Non meno pazzo sembra il ragionamento di Gesù in questo finale di discorso. Lo vediamo subito.
Mandati dal Padre come Gesù: dal modo come Gesù termina il suo discorso ai discepoli che manda in “avanscoperta” o primo assaggio di quella che sarà la modalità concreta della missione cristiana (quella primitiva ma anche – in prospettiva – quella dei secoli della vita della Chiesa), si direbbe che ai “missionari” debba accadere di tutto un po’, con difficoltà in casa e fuori casa, di fronte a pochi e a molti. Effettivamente già gli Atti degli Apostoli descrivono una difficoltà continua incontrata dall’opera di evangelizzazione. Qualche confidenza nelle Lettere di Paolo rincara la dose, nel riassumere la sua esperienza apostolica, tanto tribolata: “molto di più nelle prigionie, infinitamente di più nelle percosse, spesso in pericolo di morte. Cinque volte… i quaranta colpi meno uno, tre volte battuto con le verghe… una volta lapidato… percoli di fiumi, pericoli di briganti… da parte di falsi fratelli…” (2 Co 11, 21-27).
Ma ha un senso tutto questo, soprattutto in un continuo discorso di ‘salvezza’?
Forse possiamo partire dalla frase centrale del nostro brano: “Chi accoglie voi accoglie me, e chi accoglie me accoglie colui che mi ha mandato”, e un po’ sopra era detto: “Chi non prende la propria croce e non mi segue non è degno di me”. Siamo veramente al cuore della missione: il Padre manda il Figlio, Gesù, e lui manda i suoi discepoli; questi, perché mandati da Gesù, sono mandati dal Padre, che considera la loro missione come la missione stessa di Gesù. Quanto è consolante questo fatto, e quanto è grande la dignità di ognuno di noi, suoi inviati. Dobbiamo però avere molto chiara la legge della identificazione. Con un po’ di esagerazione possiamo dire: mandati dal Padre come Gesù e dunque invitati a percorrere il suo stesso cammino – che è il cammino della croce! Per questo Gesù dice: “chi non prende la propria croce…”.

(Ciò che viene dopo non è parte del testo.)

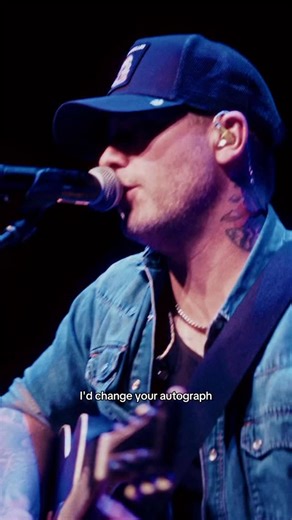One of my favourite parts of the show - holding “let me” during Autograph until Mitch cuts me off 😂 | Dallas Smith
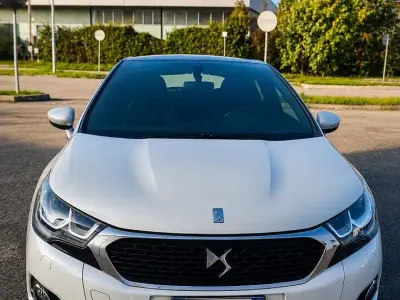 Usata DS Automobiles DS4 So Chic 120 CV (88 kW) 2017 Berlina
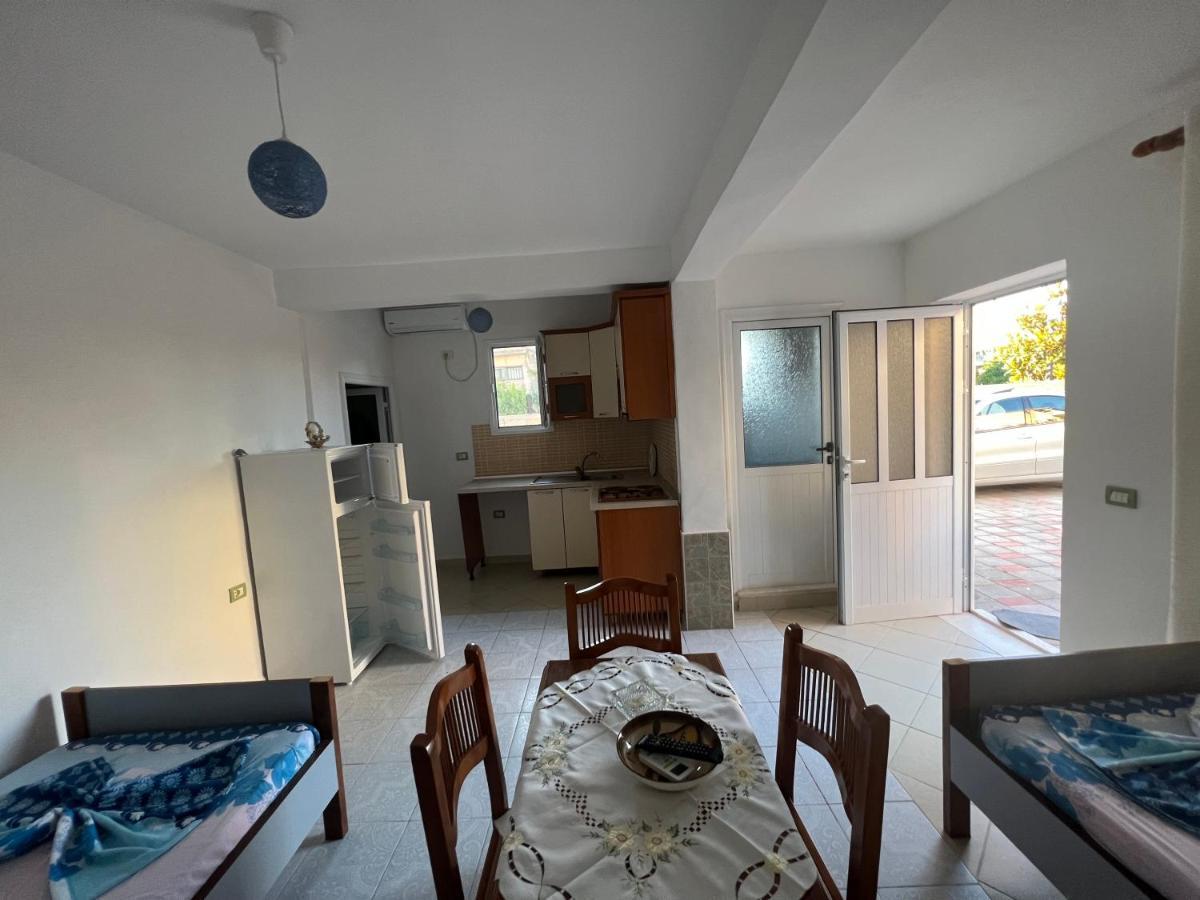 Guest House Vlorë Extérieur photo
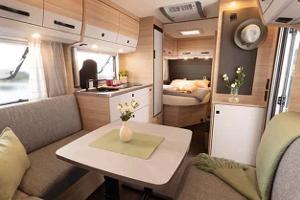 Dethleffs Summer Edition 470 FR, Französisches Bett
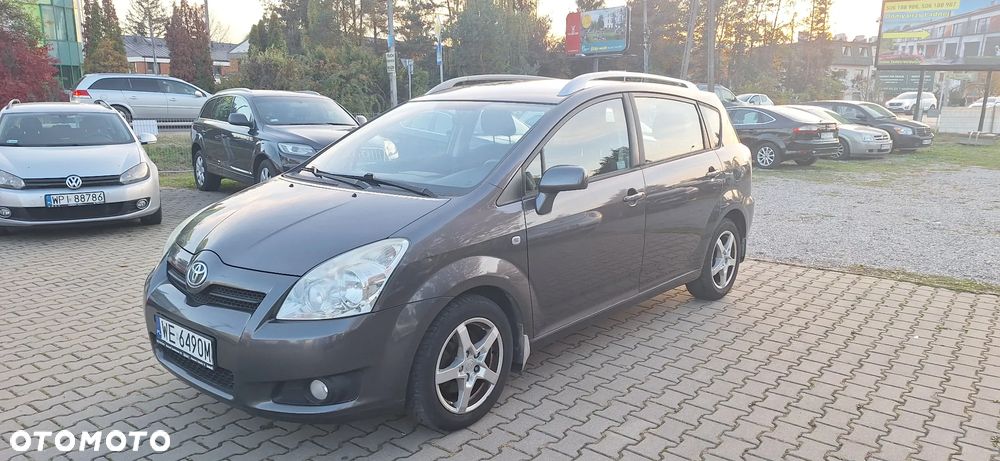 Toyota Corolla Verso - 1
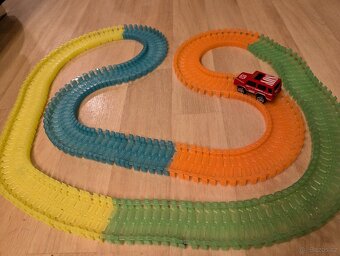 Svítící autodráha a autodráha flexile track - 4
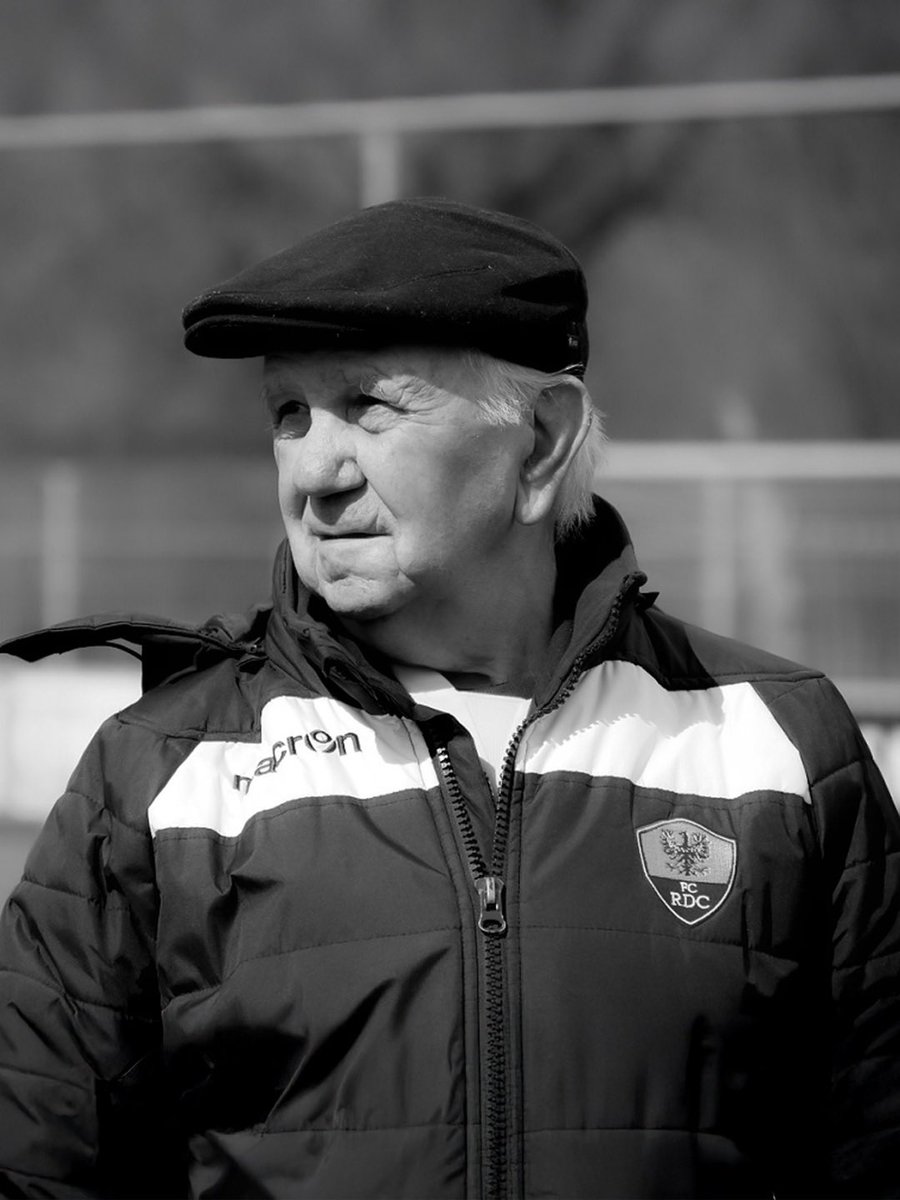 𝗜𝗻 𝗺𝗲𝗺𝗼𝗿𝗶𝗮𝗺: Pepe Jacomé

Wij ontvingen donderdagochtend het verdrietige bericht dat Pepe Jacomé is overleden.

We gaan je missen, Pepe. 

🔗 Lees via deze link de volledige In memoriam: fcrdc.nl/in-memoriam-pe…

#fcrdc #clubicoon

Il ragionamento corre, ma il discepolo che ne porta le conseguenze sente paura e tremore. Per questo Gesù aggiunge: “Chi avrà perduto al propria vita per causa mia, la troverà”. E’ il mistero di Gesù crocifisso e risorto che ci avvolge nella sua pienezza; ed è il momento in cui si arrestano le parole. Una conferma che mi pare veramente convincente è l’esperienza dei santi: erano deboli come noi, la croce li spaventava come spaventava Gesù, ma avevano imparato a fidarsi. D’altra parte anche Lui, il Signore, si è fidato – di noi, suoi inviati!
O Signore, fratello amabilissimo, come tu non ti sei spaventato di me, concedimi di non spaventarmi di Te. Ma anche concedimi di non spaventarmi di me, che non guardi troppo me, ma solo te!
Propongo un paragone eloquente, tratto da Soloviev:
“Il carbone e il cristallo sono in partenza la stessa cosa. Perché il carbone è brutto e il cristallo è bello? Perché il carbone fissa tutta la sua attenzione su stesso, mentre nel cristallo si vede il sole e tutta la luce: attraverso di esso si vede qualche altra cosa, che è superiore, e questo lo fa bello”.